Personal information
- Born: September 16, 1938 Sarnia, Ontario, Canada
- Died: July 6, 2008 (aged 69) Vancouver, British Columbia, Canada

Career history
- 1975–1986: BC Lions
- 1987–1991: Dallas Cowboys
- 1992–1994: Phoenix Cardinals
- 1995: Philadelphia Eagles
- 1996–2000: Miami Dolphins
- 2001: Las Vegas Outlaws
- 2002–2008: BC Lions

Awards and highlights
- instrumental in the development of the short lived XFL.; BC Amateur Football Builders Award, 1980; Schenley Award (1986); Special Award Contribution to Junior Football - British Columbia; Bob Ackles Day - Vancouver, 1986; Key to the City of Vancouver, 1986; Key to the City of Kelowna, 1986;
- Canadian Football Hall of Fame (Class of 2002)

= Bob Ackles =

Sports executive (1938–2008)

Robert Ackles (September 16, 1938 – July 6, 2008) was a Canadian Football League executive for the BC Lions. He also was an American football executive in the National Football League. He was inducted into the Canadian Football Hall of Fame in 2002.

==Early life==
Ackles was born in Sarnia, Ontario and joined the BC Lions as a water boy in their founding year, 1954, at the age of 16.

==Professional career==
Ackles grew professionally through the ranks of the BC Lions organization.
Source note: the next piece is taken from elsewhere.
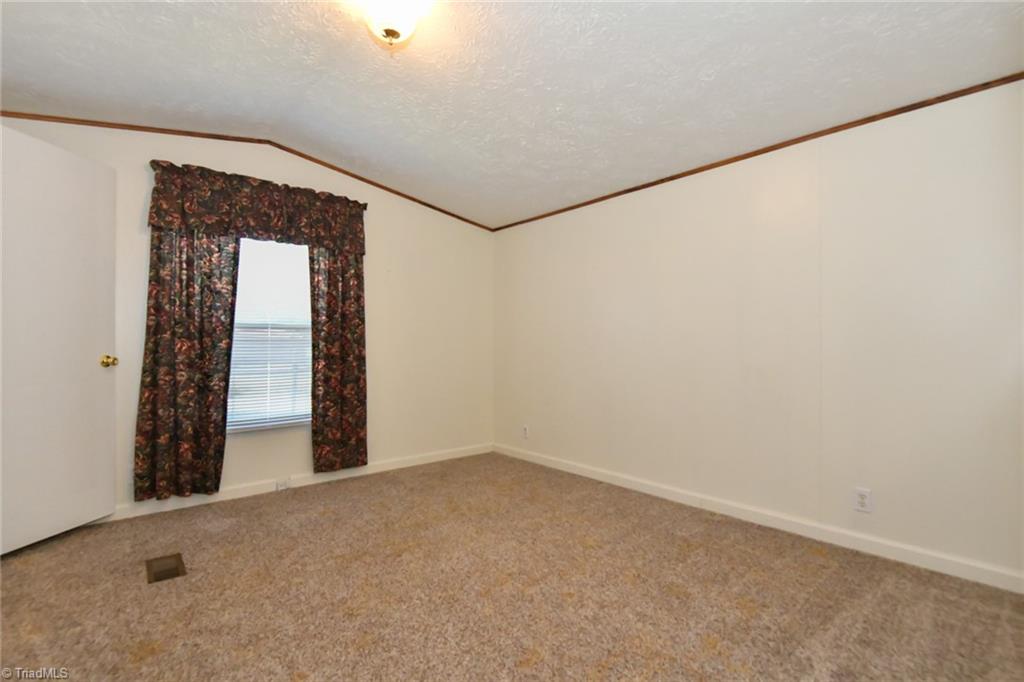 421 Wil O Pat Road Reidsville, NC 27320 - Photo 16 of 26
He worked his way through his college studies as the Lions' equipment manager. He became the director of football development in 1966 and assistant general manager in 1971. He was promoted to general manager in 1975, a position he held for 11 years until 1986. He would perform virtually every administrative duty during his 32-year career with the BC Lions. Under his leadership, the BC Lions became one of the CFL's winningest teams, moved into a new stadium and built a new training facility. In 1985, the club won the Grey Cup.

In July 1986, he joined the Dallas Cowboys as the franchise's first Director of Pro Personnel. In May 1989, he was named the Cowboys' Director of Player Personnel.

Ackles was instrumental in the development of the XFL. The XFL disbanded after its lone season in 2001. The following year, in 2002, Ackles returned to the Lions as President and CEO, a position he held until his death of a myocardial infarction on July 6, 2008.

Ackles' autobiography, The Water Boy, was published in 2007 and recounted his life and time in all three leagues and the future of the CFL. Ackles was inducted into the Canadian Football Hall of Fame as a Builder in 2002, the BC Sports Hall of Fame in 2004, and is the only non-player to ever be awarded the Schenley Award (1986).